Only two years later, in 1941, Orwell echoed much the same sentiment, albeit without the late-Victorian Churchillian oratorical panache, when he wrote: “We live in an age in which the autonomous individual is ceasing to exist.” This fear, that totalitarianism might extinguish human autonomy, linked Churchill and Orwell closely and fully justifies Ricks’s short and highly readable book.
About the Author
Andrew Roberts is the author of Masters and Commanders: How Four Titans Won the War in the West and Storm of War: A New History of the Second World War. His latest work, Napoleon: A Life. He is now writing a new biography of Winston Churchill. This review first appeared in the Evening Standard, and is republished with slight revisions by kind permission.

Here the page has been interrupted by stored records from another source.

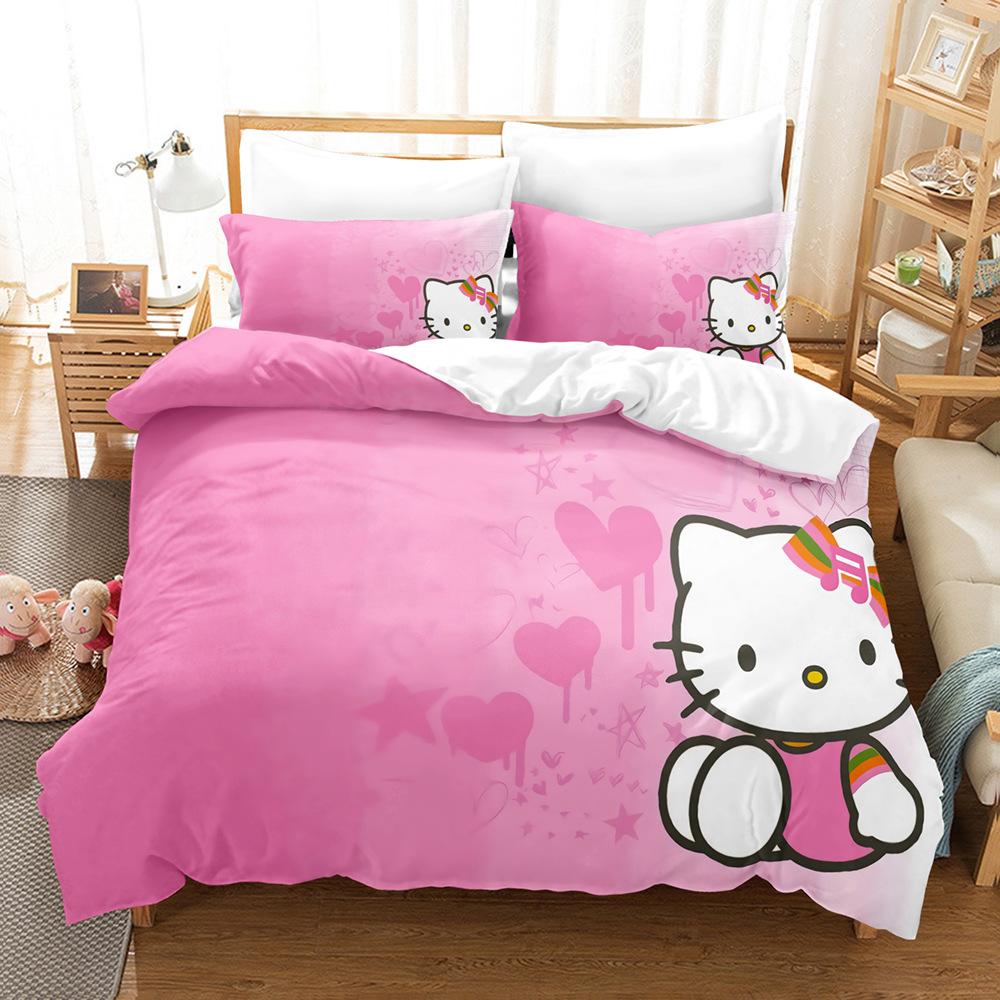 Sanrio Hello Kitty Bedding Sets Comforter Quilt Bed Cover Duvet Cover Pillow Case 2-3 Pieces Sets Bedroom Decor Home Supplies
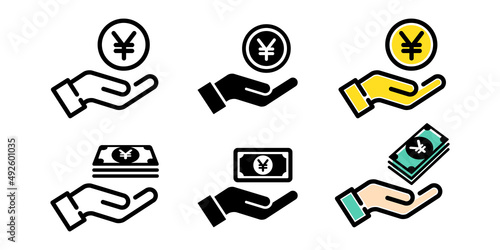 お金を持っている手、日本円での支払いイメージのベクターアイコンイラスト素材セット
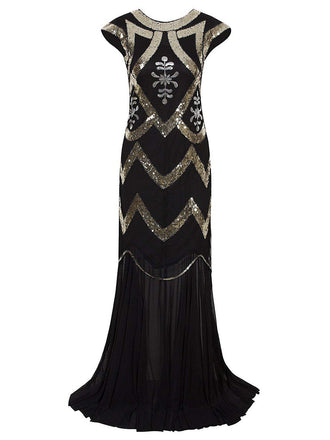 Black 1920s Gatsby Maxi Dress, vintage dress, retro fashion, Gatsby party, flapper style - perfect for women who love vintage and retro fashion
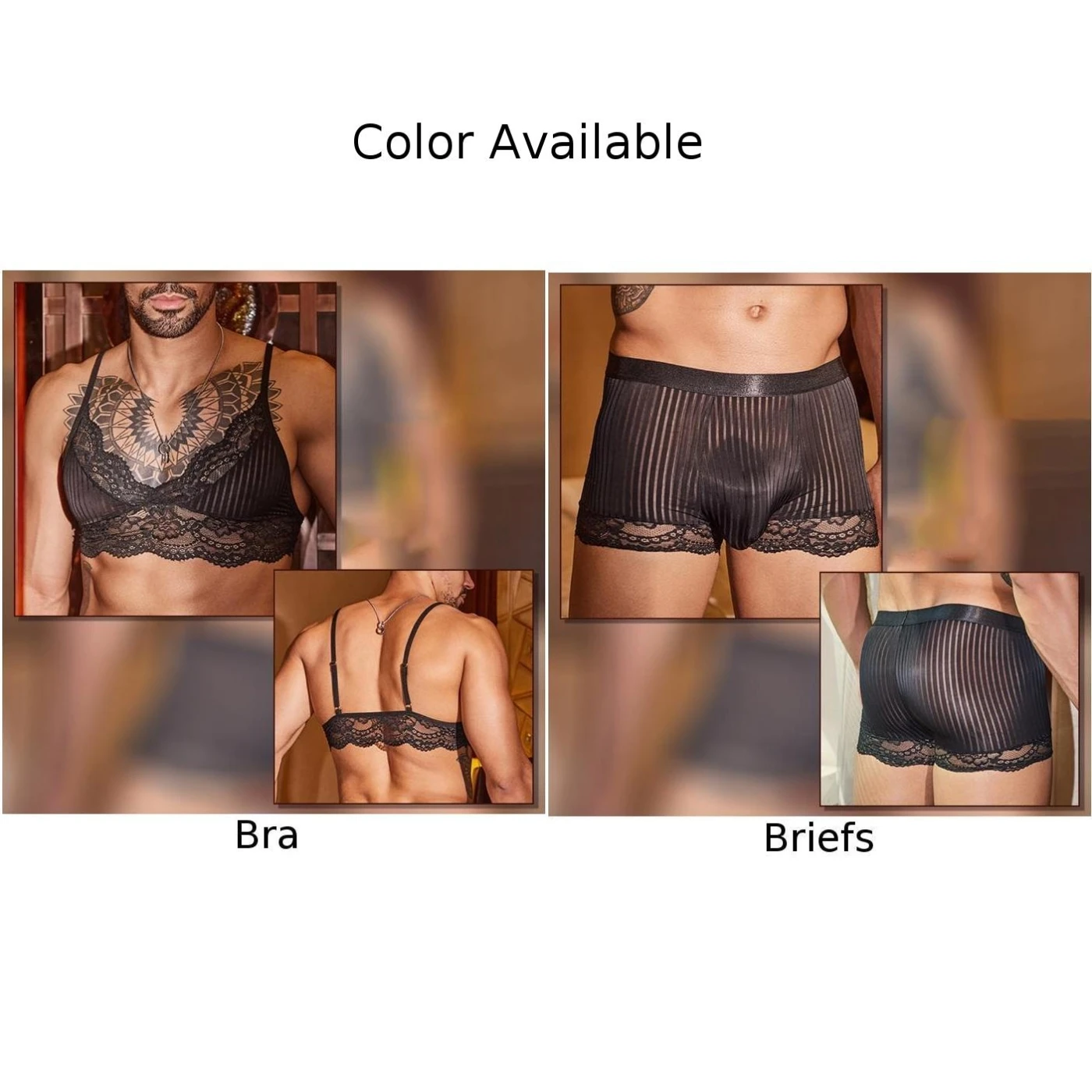 Men Mesh Sexy Knickers Briefs Low Waist Gay Men Sexy Bra Boxer Brief Sheer Lace Underwear Lingerie Low Waist Pouch Panties - Image 5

A Gentle Tribute: Orwell on Churchill
Included in Thomas Ricks’s book (234) is an appreciation of Churchill which Orwell wrote on his deathbed—the last piece of his to be published. He was reviewing Churchill’s second volume of war memoirs, Their Finest Hour:
“The political reminiscences he has published…have always been a great deal above the average, in frankness as well as literary quality….His writings are more like those of a human being than of a public figure….and whether or not 1940 was anyone else’s finest hour, it was certainly Churchill’s….One has to admire in him not only his courage but also a certain largeness and geniality which comes out even in formal memoirs of this type….The British people have generally rejected his policies, but they have always had a liking for him, as one can see from the tone of the stories told about him….At the time of the Dunkirk evacuation, for instance, it was rumoured that what he actually said, when recording his [House of Commons] speech for broadcast, was: ‘We will fight on the beaches, we will fight in the streets…we’ll throw bottles at the bastards; it’s about all we’ve got left!’ One may assume that this story is untrue, but at the time it was felt that it ought to be true. It was a fitting tribute from ordinary people to the tough and humorous old man whom they would not accept as a peacetime leader [in 1945] but whom in the moment of disaster they felt to be representative of themselves.”